During the Civil War, the “Hall” (or Assembly Room) served a solemn purpose. From 1861 on, the bodies of many Philadelphia soldiers killed in the war, and, in 1865, the body of President Lincoln lay in state there. Such use of the room was not new, however, for John Quincy Adams, in 1848, Henry Clay, in 1852, and the Arctic explorer, Elisha Kent Kane, in 1857, lay in state in the venerable room.
In 1860, a movement was begun by the children of the public schools of Philadelphia to erect a monument to Washington. When the fund was nearly raised, the Councils provided a space on the pavement directly opposite the Chestnut Street entrance. The statue, executed by J. A. Bailey, was unveiled on July 5, 1869.
In 1855, the Assembly Room became a portrait gallery, following acquisition by the City of Charles Willson Peale’s oil paintings of Colonial and Revolutionary figures. (Note Liberty Bell on ornate pedestal in corner and Rush’s wooden statue of Washington in center background.) Engraving from Illustrated London News, December 15, 1860. Independence Hall collection.
Little beyond actual maintenance of the buildings seems to have occurred until 1872 when, with the approach of the Centennial of the Independence of the United States, a committee for the restoration of Independence Hall was named by the Mayor.
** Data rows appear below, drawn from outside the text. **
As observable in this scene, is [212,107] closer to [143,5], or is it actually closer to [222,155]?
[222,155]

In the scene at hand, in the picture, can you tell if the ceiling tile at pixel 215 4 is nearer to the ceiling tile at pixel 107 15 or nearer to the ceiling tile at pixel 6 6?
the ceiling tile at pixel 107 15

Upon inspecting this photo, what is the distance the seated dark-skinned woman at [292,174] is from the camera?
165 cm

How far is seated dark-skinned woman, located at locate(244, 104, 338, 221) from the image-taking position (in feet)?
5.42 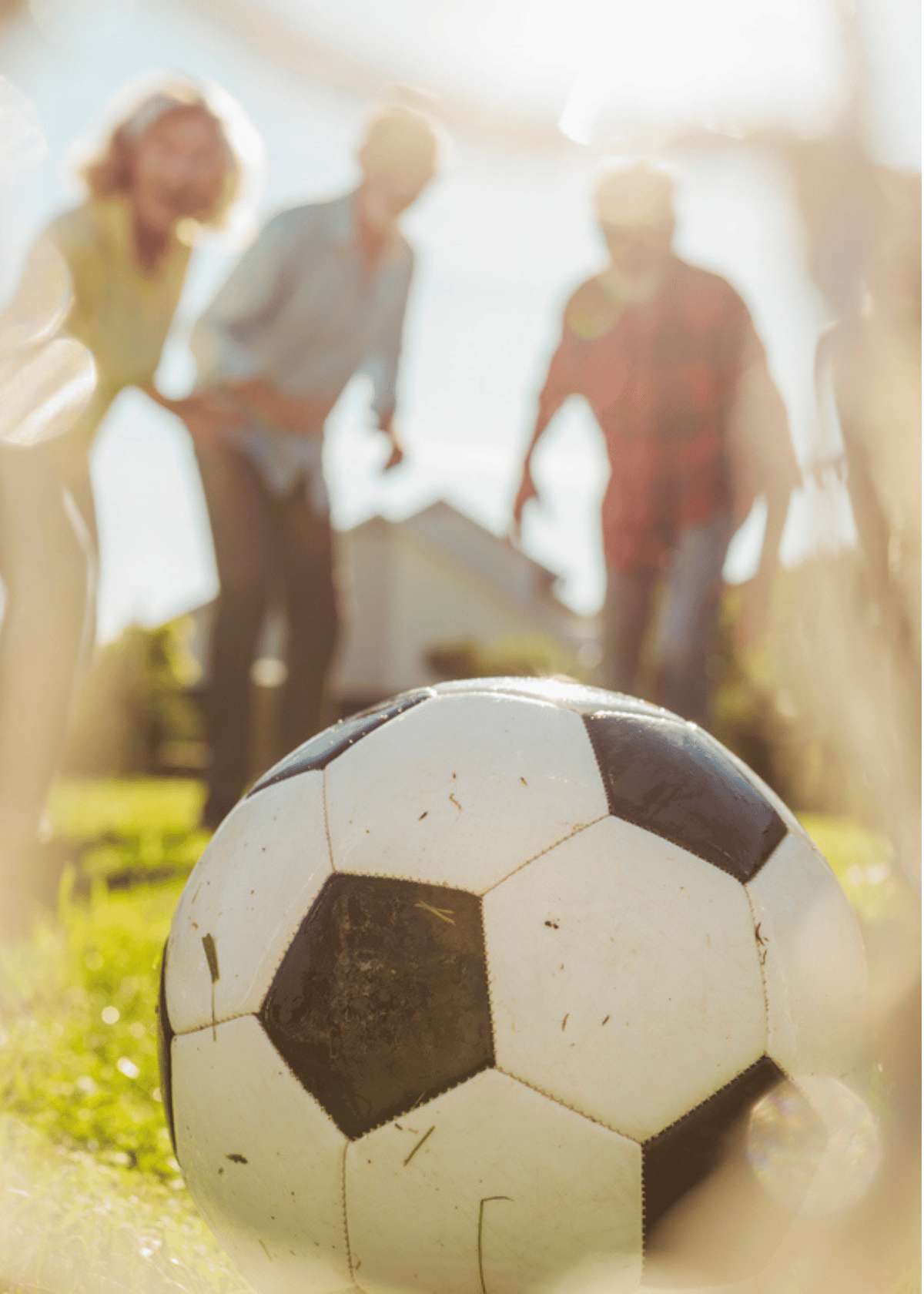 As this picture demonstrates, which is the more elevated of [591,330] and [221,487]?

The committee entered upon its duties with energy. Furniture believed to have been in the Assembly Room in 1776 was gathered from the State Capitol at Harrisburg and from private sources. Portraits of the “founding fathers” were hung in the room. The president’s dais was rebuilt in the east end of the room, and pillars, thought to have supported the ceiling, were erected. The red paint which had been applied to the exterior of the building was removed from the Chestnut Street side. When accumulated layers of paint were removed from the first floor interior walls, the long-hidden beauty of carved ornamentation was again revealed.
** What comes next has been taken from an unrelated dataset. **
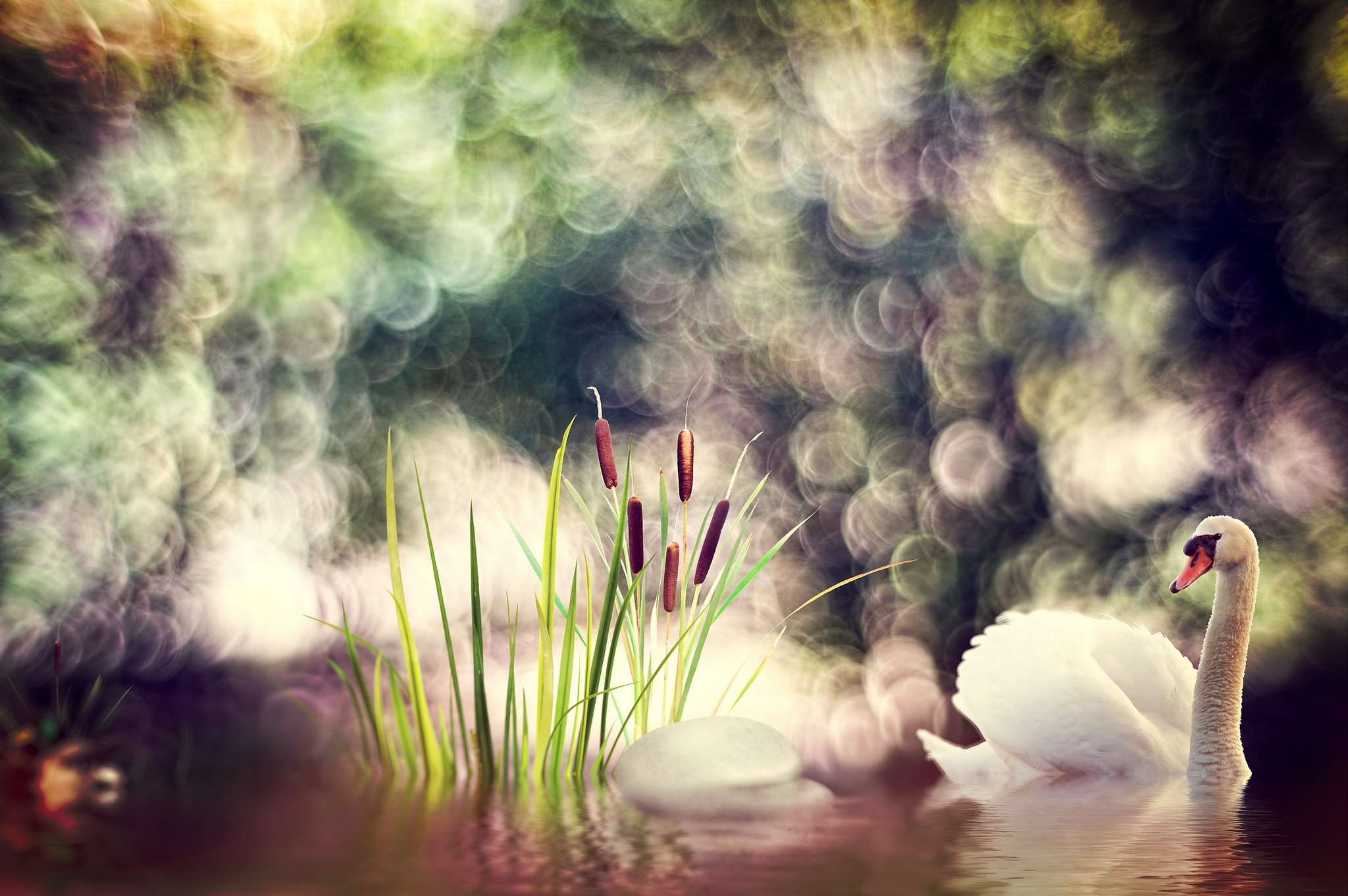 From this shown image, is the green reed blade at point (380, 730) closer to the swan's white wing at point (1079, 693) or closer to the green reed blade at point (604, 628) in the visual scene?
the green reed blade at point (604, 628)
During the Centennial restoration project, a large bell (weighing 13,000 pounds) and a new clock were given to the City by Henry Seybert for the steeple of Independence Hall. This clock and bell are still in use.
The body of Elisha Kent Kane, Arctic explorer, lying in state in the Assembly Room of Independence Hall, 1857. Courtesy Philadelphia Free Library.
With the close of the Centennial celebration, Independence Hall experienced a period of quiet, disturbed only by the increasing numbers of visitors. Then toward the close of the 19th century, another restoration cycle began, but its emphasis was quite different from that of any in the past. Except for the replacement of the steeple in 1828, all restoration work heretofore had been concentrated in the east or Assembly Room on the first floor. Finally, in the 1890’s interest extended from the Assembly Room to the remainder of the building. An ordinance of the Common and Select Councils, approved by the Mayor on December 26, 1895, called for the restoration of Independence Square to its appearance during the Revolution. A committee of City officers concerned with public buildings and an advisory committee of leading citizens were named by the Mayor to carry out the work. On March 19, 1896, a resolution of the Councils granted permission to the Philadelphia Chapter of the Daughters of the American Revolution to proceed with the restoration of the old Council chamber on the second floor of Independence Hall.
Between 1896 and 1898, the committees and the Daughters of the American Revolution carried out a most extensive program of restoration. The office buildings designed by Robert Mills were replaced by wings and arcades which were more like those of the 18th century. The first-floor rooms of Independence Hall were restored, and the Daughters of the American Revolution attempted to restore the entire second floor to its Colonial appearance by reconstruction of the long room, the vestibule, and the two side rooms. A dummy clockcase, similar to that of the Colonial period, was rebuilt outside on the west wall, but the planned moving of the clock back to its 18th-century location was not carried out. With the completion of this work, the old State House had been restored to a close approximation of its original design. For the first time in almost a century the building appeared practically as it did during the American Revolution.